Recorded data
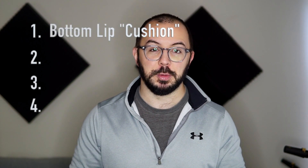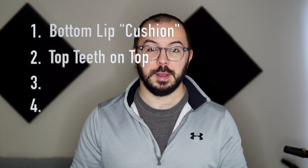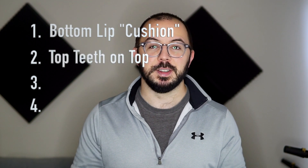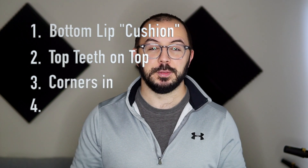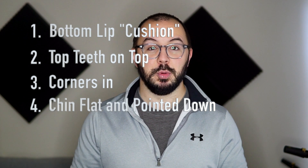Just make sure to go through the following checklist when forming your embouchure. Number one: is your bottom lip forming a cushion over your bottom teeth? Number two: are your top teeth touching the top of the mouthpiece? Number three: are your corners in, forming your seal? And number four: is your chin flat and pointed down? To continually check on this, I recommend spending at least a little bit of time each day practicing in front of a mirror.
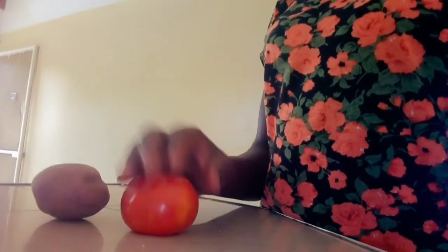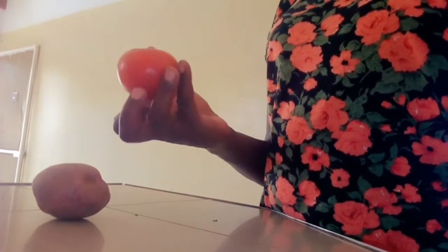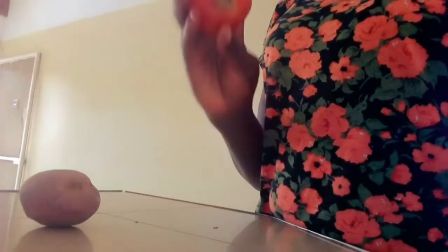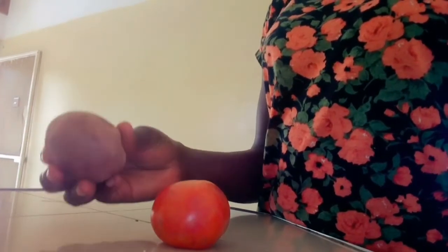With these two home remedies, I have been using tomato for a long time now. Though I've just started using the potato, it's very, very good. With tomatoes, you have to use it every day — I use it every day. But with potato, I use it three times a week.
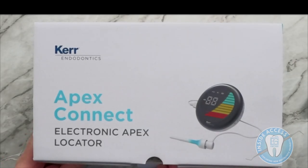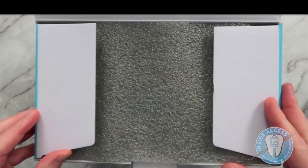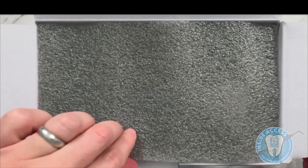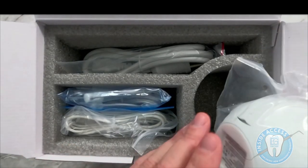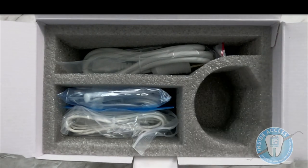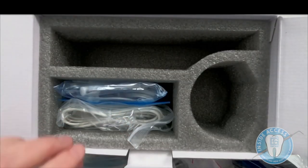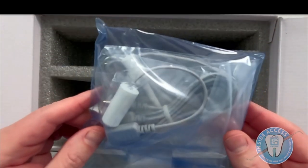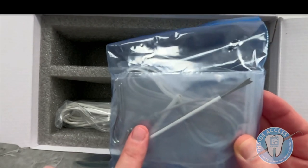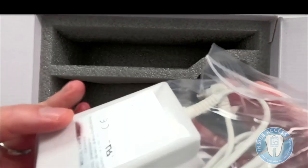Here we are with the Apex Connect electronic apex locator. Let's take a look at what's in the box. When you open it up, you're going to find several different components: the unit body itself, a power cord, a collection of lip and file clips, and also a probe, which makes it really easy to utilize the unit.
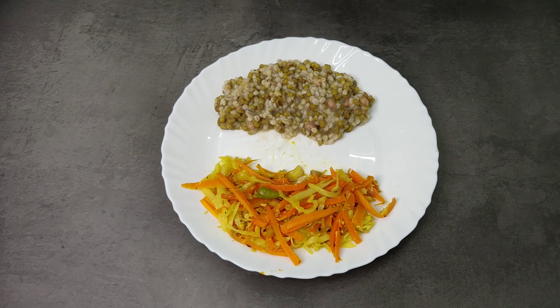This is a diet-friendly recipe and you can eat it. If you like it, please share and subscribe.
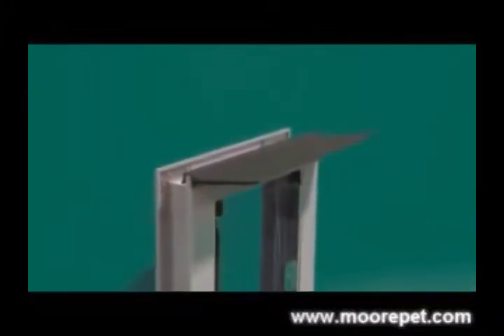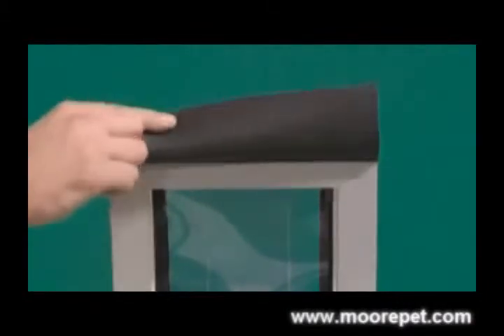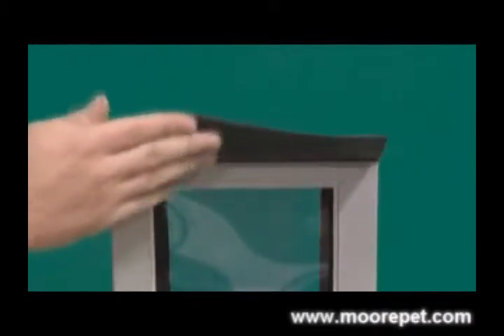The Security Boss rain guard attachment is designed to keep rain away from the flap of your Max Seal pet door, to restrict any water from coming into your home. The rain guard is soft and pliable, making it safe for you and your dog.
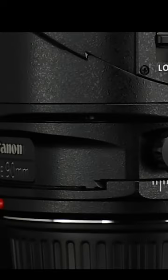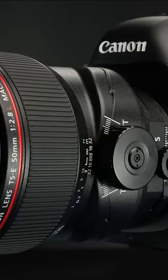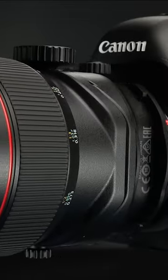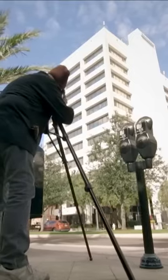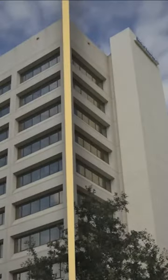Basically, tilt-shift lenses represent a distinct category of camera lenses necessitating manual focus and are equipped with separate tilt and shift controls. The tilt control enables selective focus by adjusting the focal plane relative to the image sensor plane. This enables simultaneous focusing on two subjects at different distances and empowers the manipulation of the focus to achieve a deeper depth of field while employing the Scheimpflug principle for pinpointing subject focus.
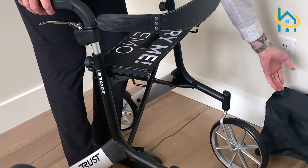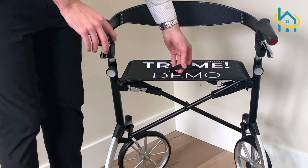To collapse your rollator, simply pull up on the handle located on the seat and fold it away.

EXERCISE AIM
Copy out the lines above from the line containing "With these two" through the line containing "Here we are", exactly, and keep the pictures out.

OUTPUT FOR THIS TASK
With these two home remedies, I have been using tomato for a long time now. Though I've just started using the potato, it's very, very good. With tomatoes, you have to use it every day — I use it every day. But with potato, I use it three times a week.
Here we are with the Apex Connect electronic apex locator. Let's take a look at what's in the box. When you open it up, you're going to find several different components: the unit body itself, a power cord, a collection of lip and file clips, and also a probe, which makes it really easy to utilize the unit.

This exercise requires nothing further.